One equation that describes how the magnet's orientation
reacts to the EM field:
\begin{equation}
I\ddot\theta
=
\int d^3x\
\frac{\partial\mathbf{M}}{\partial\theta}\big(\theta(t),\mathbf{x}\big)
\cdot \mathbf{B}(t,\mathbf{x}).
\tag{5}
\end{equation}
The right-hand side of equation (5) is the source of the torque. The total energy (3) is independent of time if equations (4) and (5) are satisfied. The purpose of deriving these equations from the lagrangian (2) is to ensure that this conservation law holds, so that the rate at which the torque (5) drains the rotational kinetic energy precisely balances the rate at which energy is carried away as EM radiation through Maxwell's equations (4).
The next section explains how to relate these equations to the intuition that I described earlier.
Recovering the intuition from the math
We can think of the magnetic moment density $\mathbf{M}(\theta,\mathbf{x})$ as a continuous distribution of infinitesimal magnetic dipoles. As before, consider one of these dipoles, say the one at $\mathbf{x}$.
The right-hand side of equation (5) says that any misalignment between the dipole at $\mathbf{x}$ and the magnetic field at $\mathbf{x}$ contributes to a torque that tends to restore their alignment. To see this, recall that the magnitude of $\mathbf{M}$ at each point is fixed because the magnet is rigid. This implies that $\partial \mathbf{M}/\partial\theta$ is orthogonal to $\mathbf{M}$. Therefore, if $\theta$ is such that $\mathbf{M}$ is already aligned with $\mathbf{B}$, then the right-hand side of (5) is zero (no torque). On the other hand, if $\theta$ is slightly larger than this equilibrium value, then the right-hand side of (5) is negative, because increasing $\theta$ even further would only makes the alignment worse. (Think about the definition of the derivative.) We can use that picture to confirm that the sign of the right-hand side of (5) is what we need it to be: the torque tends to restore the alignment between $\mathbf{M}$ and $\mathbf{B}$.

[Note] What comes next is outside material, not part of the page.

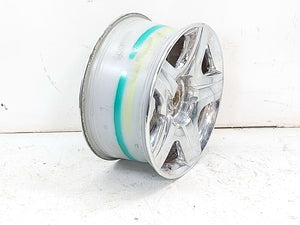 2005 BENTLEY CONTINENTAL GT WHEEL RIM ALLOY WHEEL 19X9 5 SPOKE 3W0601025H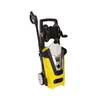 MASTERCLEAN HP18210BHR MAȘINĂ ELECTRICĂ DE SPĂLAT CU PRESIUNE 420L/H 170 bar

Equation (4a) implies that the magnetic field at $\mathbf{x}$ is the superposition (integral) of the magnetic fields from all of the other dipoles. In a situation with no motion, this means that the torque in equation (5) tends to align the dipole at $\mathbf{x}$ with the other dipoles. This is consistent with our experience with macroscopic bar magnets. The different internal torques at different points $\mathbf{x}$ cancel each other, so that the net torque on the whole magnet is zero.
Equations (4) imply that any change in the field due to a change in the magnet's orientation propagates at a constant finite speed. Therefore, if the magnet is rotating, the magnetic field at $\mathbf{x}$ is the superposition of delayed versions of the magnetic fields from the other dipoles, with each delay proportional to the distance to $\mathbf{x}$. This completes the justification of the intuition that I described before, and it shows that the effect has precisely the right magnitude to balance the energy that is carried away by EM radiation. This conclusion follows because we derived the effect from equations (4)-(5), which manifestly conserve the total energy (3).